Gage draws a smoke from his jacket pocket and lights it.

“But then,” he continues, “this is the best part: I was sent to meet your team! No one was very forthcoming with information—Nick’s got everyone worked into a paranoid frenzy—and the chopper had exactly zero useful information stashed onboard, but I wasn’t concerned. The team was finally in town. I knew you’d be moving soon, so I had the lure transferred closer to the docks. And when that blond fireball showed up at the Wheelhouse last night, I figured she’d spill everything if I buttered her up enough, showed her a good time. But she turned out to be quite the bitch. Called me a pig and everything.”

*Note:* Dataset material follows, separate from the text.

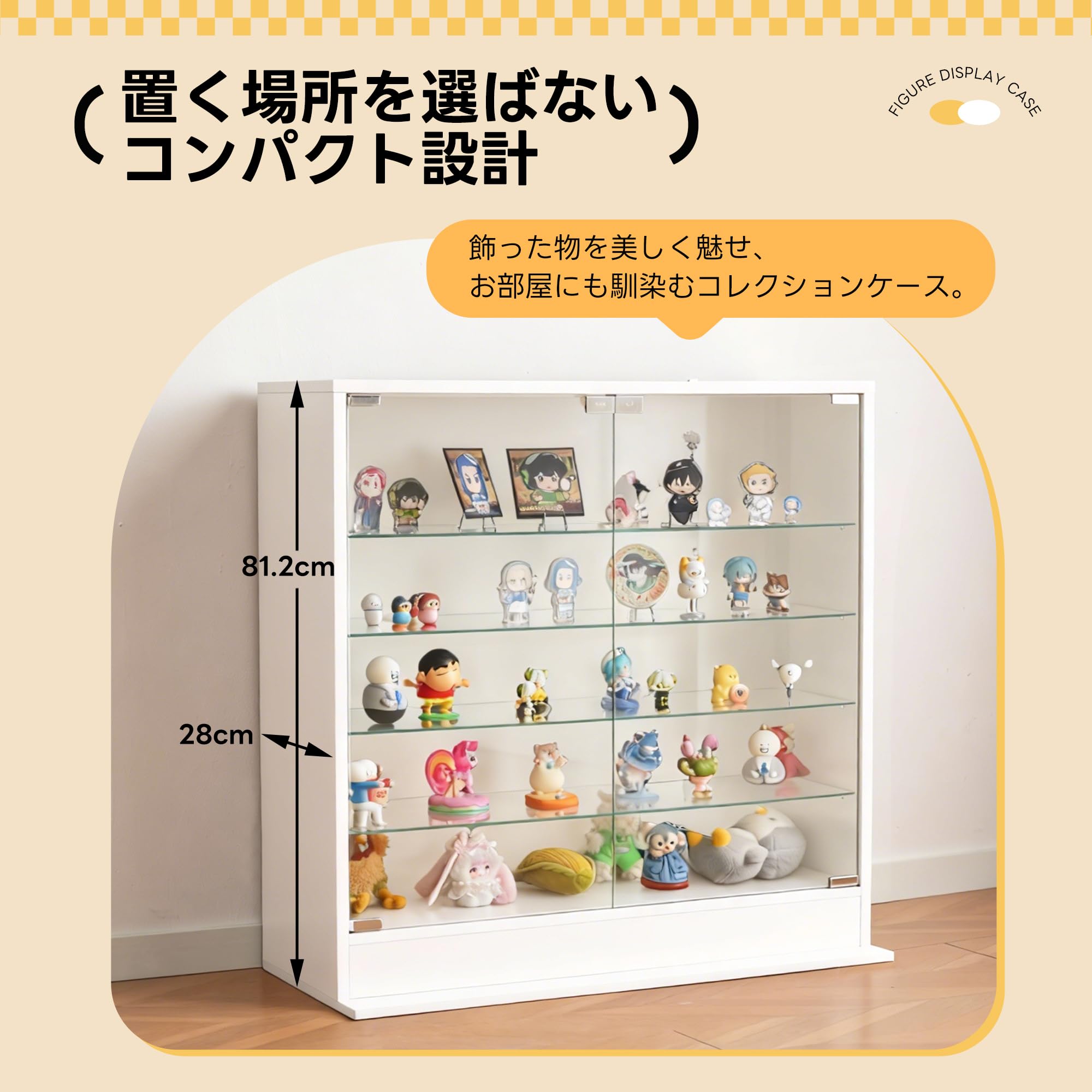 Amazon.co.jp: ガラス コレクションケース スリム ディスプレイ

“I’m sure you deserved what she dished out and then some.”

He leans closer, blows a cloud of smoke directly into my face. “Let’s remember who’s tied up and who’s calling the shots. Show a little respect.”

“Right, because you’re clearly so deserving of it.”

“Your brother and the brunette are above. If you want them to stay alive, you’ll watch your tongue.” He smiles at my newfound silence, the expression wicked. Why did he seem so likable yesterday when I first met him?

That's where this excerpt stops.